In World War II, the difference from being an occupied territory and a ‘forced’ ally wasn’t always clear and seemed to vary day by day

The stupidest thing he ever did : declaring war on the USA when it had no intention of doing the same to him...

A previous post mentioned that probably the majority of the world’s territories were not actually free to decide whether to be Allied, Axis or Neutral : they were - legally - dependent colonies and protectorates.

But was Egypt, for example, really free to decide? There was a lot of grey areas where the formal - nominal - power to choose was totally constrained by real world politics.

Of course, as soon as the warring powers began invading, they added a lot more grey into the situation.

Poland was quickly divided into three legally different zones : France into two.

Was Vichy France really a willing partner in New Order Europe ?

Was Iceland and Greenland really eager to be occupied by Britain ?

And how willing were countries like Finland and Bulgaria to be co-belligerents with the Axis ?

After May 1940 in Europe and May 1942 in South East Asia it got much harder to be a genuine Neutral.

The time to display truly independent action was probably much earlier when both sides were more even.

I firmly believe that if neutral Sweden had a treaty with Poland, France and the UK to defend Poland from war aggressors, Hitler would not have invaded Poland and also that Stalin would have walked away from any plans to share conquered Poland with Hitler.

Sweden’s large and close land mass was the only real way Britain and France could directly intervene in Poland, not merely annoy Germany’s outer edges to the West.

Spain on the Allied side and Turkey on the Axis side were big enough to alter the war’s course. Noway actively  on the Allied side might also have altered the war’s course.

The biggest Neutral of them all : America, could have decidedly altered the war completely if it had entered the war in September 1939 : even better, threaten to in August 1939...

Despite Hollywood producing a Trumpworld like definition of the truth about America in  WWII, the USA would NEVER have entered the European war, until Hitler first declared war on them.
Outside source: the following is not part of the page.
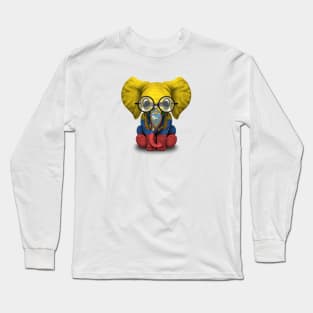 Baby Elephant with Glasses and Ecuadorian Flag Long Sleeve T-Shirt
America’s largest ethnic originating group, far and away, are Germans and 1941’s Congress & Senate simply won’t have voted to declare war on Germany, Pearl Harbour or not...

1 comment:

  1. Hitler and his government were surely aware of the strategic debates within the Japanese high command regarding updated war aims after the catastrophic Japanese defeat in the Soviet-Japanese War of 1939. Search using the term “Nomonhan” for the full story. Furthermore, as Germany would also have known that the Japanese considered themselves betrayed by the timing of the Stalin-Hitler Pact, the post–Pearl Harbor declaration of war against the USA might have been an attempt to smooth troubled waters. But ultimately, that would have been marginal when compared with the incontrovertible evidence that the USA had been cooperating with Britain in actively prosecuting the war against Germany. Thus, the Rainbow Five Plan, which outlined the terms of full US military, air, and naval mobilization in a presumptive conflict with the Axis powers, was widely believed in Germany to be clearly indicative of FDR’s intentions—as indeed it was.